Leslie Bienen is a fiction writer, science journalist, and researcher. Her work has appeared in Ploughshares, Chattahoochee Review, Cream City Review, and Scoundrel Time, among many others. She was a James Michener Fellow at the Iowa Writers’ Workshop. She was a regular contributor to Frontiers and The Environment for many years. She has published in Orion, Open Spaces, Conservation Magazine, and many more environmental magazines. She has worked in science communication for over 25 years. Her recent activity and writing have been focused on various problems and uncertainties around COVID-19 and public health. In May of 2022, Bienen appeared in a podcast in Podtail’s Plenary Session, which discusses medicine, oncology, and health policy. The full podcast, an hour and 21 minutes, can be found here.

Bienen received her B.A. from Princeton University and her M.F.A. from the University of Iowa Writers’ Workshop. She acquired her D.V.M from Tufts University Cummings School of Veterinary Medicine.
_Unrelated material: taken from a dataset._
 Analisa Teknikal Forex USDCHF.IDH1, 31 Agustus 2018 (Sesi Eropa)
As a veterinary student, she was one of the founding investigators of a large-scale, ongoing research project at Tufts University about a national plan of rabies control for Nepal. She worked for seven years at Kaiser Permanente Northwest’s Center for Health Research. She was a co-investigator on the Bighorn Sheep Disease project and has researched, written about several bat viruses transmissible to humans, and sampled livestock in Nepal for bovine brucellosis and tuberculosis. Bienen helped create a website to share the findings and methods of the study. She taught at the University of Iowa, and Chulalongkorn University in Thailand, and has traveled to China, Japan, Nepal, Thailand, Indonesia, Africa, Mexico, New Zealand, and Australia. 
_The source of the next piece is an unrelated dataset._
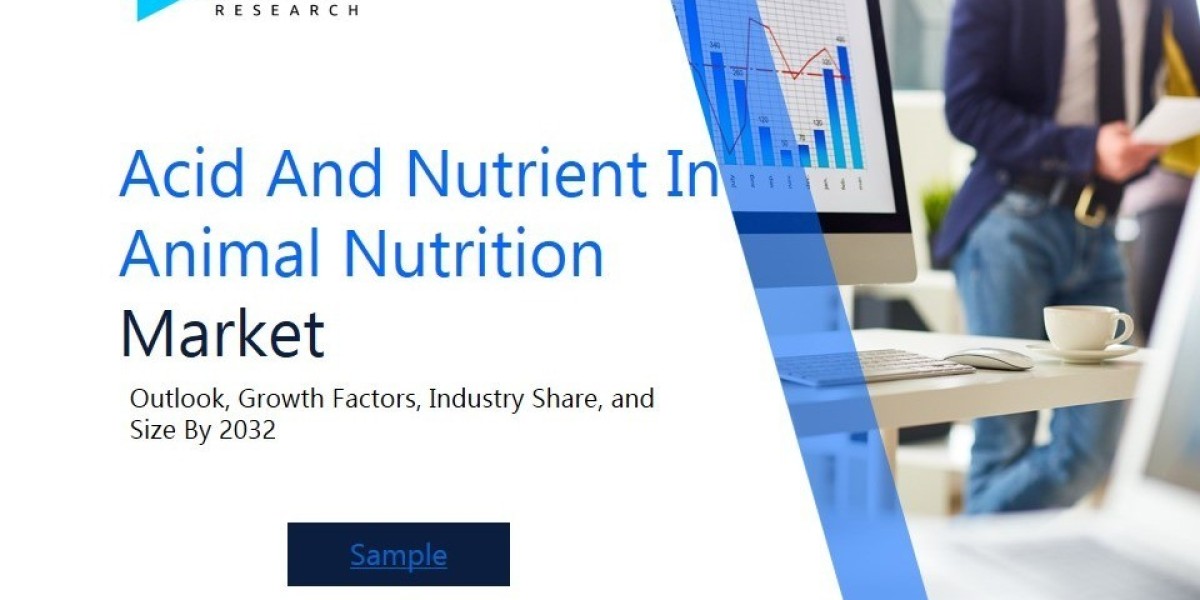 Acid And Nutrient In Animal Nutrition Market Report: Share by Segments, Companies & Statistical Insights till 2032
Bienen lives in Portland, Oregon, and teaches primarily undergraduate courses at OHSU-Portland State University School of Public Health including Global Health and Consumer Health. She is the pilot program coordinator for PSU’s BUILD EXITO program, an undergraduate research training program that supports students on their pathway to becoming scientific researchers and aims to increase diversity in the biomedical workforce. Her own research focuses on conservation medicine and on zoonotic disease transmission to understand the interaction between human health, environmental changes, and the health of nonhuman species. Bienen is one of the founders of C3 Science Communication, created in 2011. C3 aims to help scientists obtain funding, publish papers, develop recruitment materials, disseminate findings, and get research into classrooms.